Knowing this, Elevation has attacked Fisher's weak point - the Marlin Global listed investment trust.
Marlin floated on the NZX in late 2007 after raising $103 million in an initial public offer at $1 a share.
The offer was oversubscribed by $33m, reflecting Fisher's popularity and the confidence among investors at the time.
The idea was to use the money to buy shares in growth companies outside New Zealand and Australia, as selected by Fisher's specialist fund manager, Ken Applegate. If those shares grew in value and generated dividends, the value of Marlin shares would rise accordingly.
This is a standard model for closed-ended investment companies or investment trusts. Although rare in New Zealand, they are common in Britain.
Chalkie generally likes vanilla investment trusts because they confer upon investors the full rights of a shareholder, whereas unit trust investors are typically pawns of a management company.
Sometimes investment companies employ their fund managers directly and sometimes they contract an external provider, in Marlin's case Fisher Funds.

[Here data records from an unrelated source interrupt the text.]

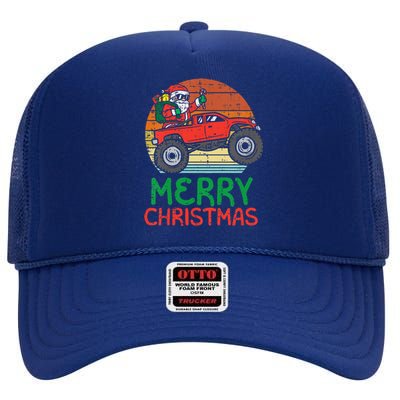 Funny Merry Christmas Santa Monster Truck Xmas High Crown Mesh Back Trucker Hat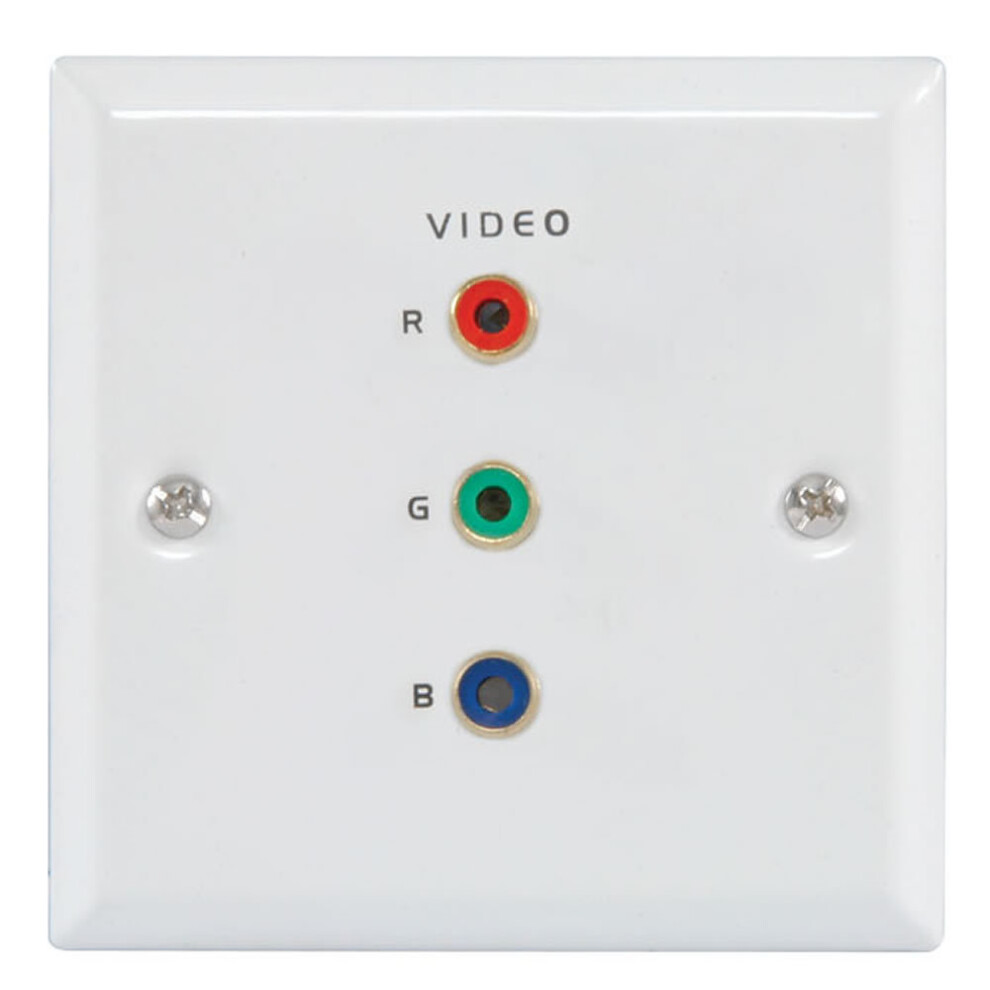 Flush Steel RGB Component Video Steel Wall Face Plate SOLDER White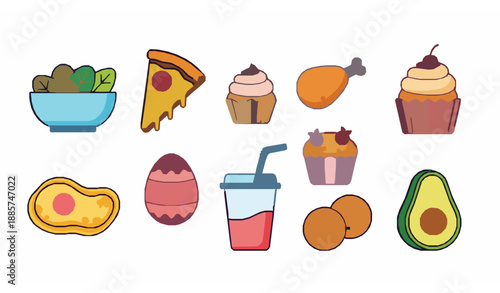 Playful cute food line icon vector set isolated
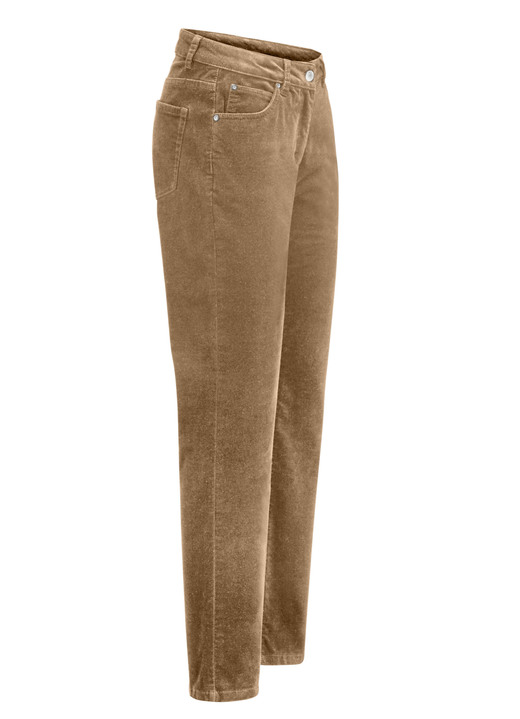 Hosen - Samtweiche Hose in 5-Pocket-Form, in Größe 017 bis 050, in Farbe CAMEL Ansicht 1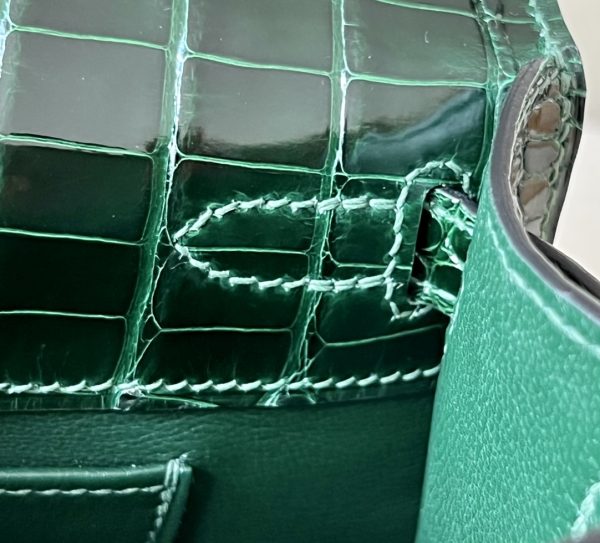 Kelly Pochette Alligator Vert Fonce (67) Palladium Hardware - Image 7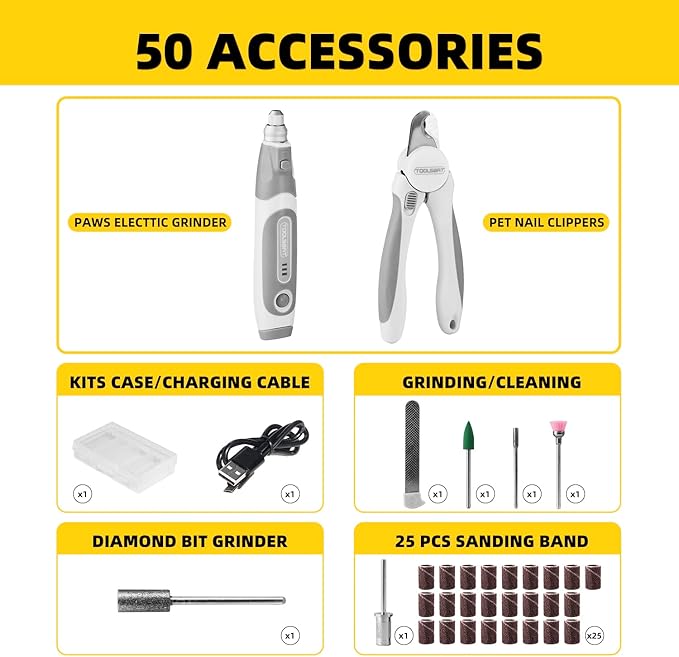 Dog Nail Grinder and Clippers - Upgraded 3-Speed Electric Rechargeable Pet Nail Trimmer with LED Light Super Quiet Paws Grooming Kit Painless Grinding Tool for Large Medium Small Dogs & Cats-PurrikoPets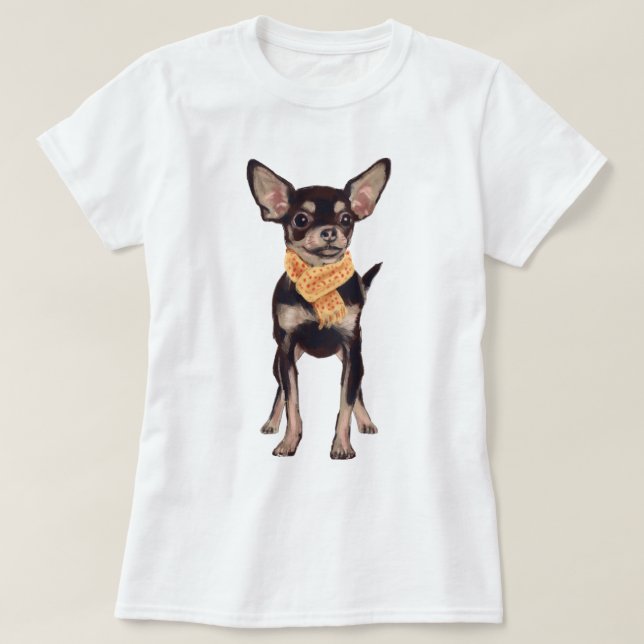 Handgemalt Charming Chihuahua Dog T-Shirt (Design vorne)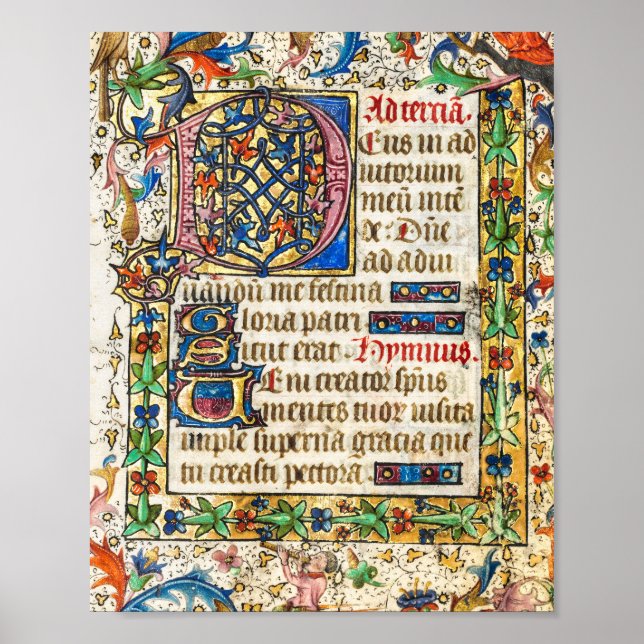 Poster Manuscrito Iluminado Medieval (Frente)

It is the job of Marlin's board to oversee the performance of this contract and ensure shareholders' interests are maximised.
This may sound like an esoteric detail, but it is highly significant in the unfolding events involving Elevation Capital.

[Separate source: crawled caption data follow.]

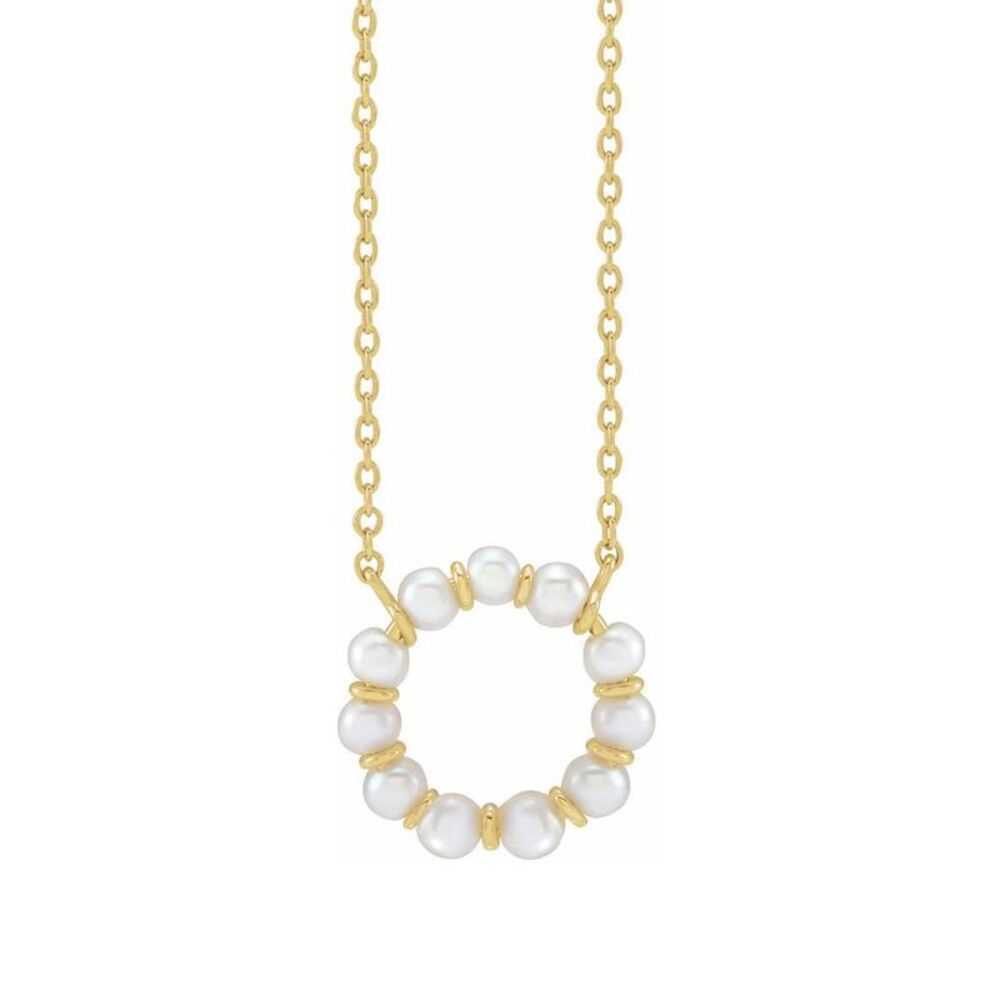 14K Yellow Gold Freshwater Cultured Pearl Small Circle Necklace, 18 In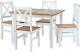 Salvador 1+4 Tile Top Dining Set White/grey 2 Chairs 1 Dining Table New Boxed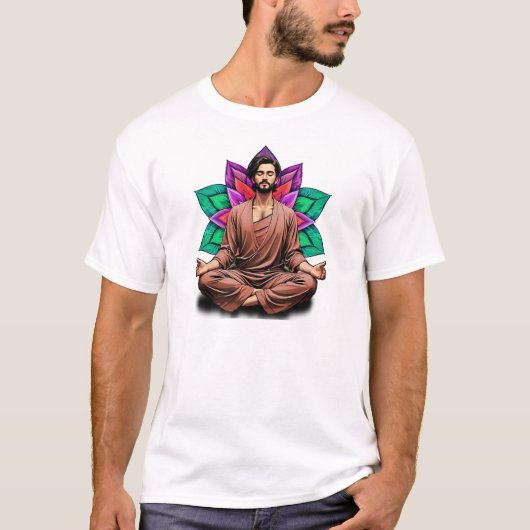Camiseta Masculina Básica Meditação-4 T-shirt (Voorkant)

The problem for Marlin is that its performance has been generally wretched, starting from its wretched timing in launching on the eve of the global financial crisis.
The $1 listing price was trashed in quick time as the shares sank as low as 60c within months. The extent of the trashing can be seen in the difference between Marlin's share price and the value of its investments.
In its annual report for the year till June 2008, Marlin's shares and warrants were priced collectively at 75c while the fund's assets were valued at 94c.
This disconnect between share price and asset value is a feature of investment trusts: though shares can sometimes trade at a premium to asset value, a discount is common. If the discount gets large, it can mean the investment market is too dumb to see the real value of the shares, or that the market doesn't think the fund manager is much cop.
Marlin's discount has been persistently big. In 2009 its average discount was a gargantuan 31.7 per cent, triggering much investor angst and calls for the fund to be restructured.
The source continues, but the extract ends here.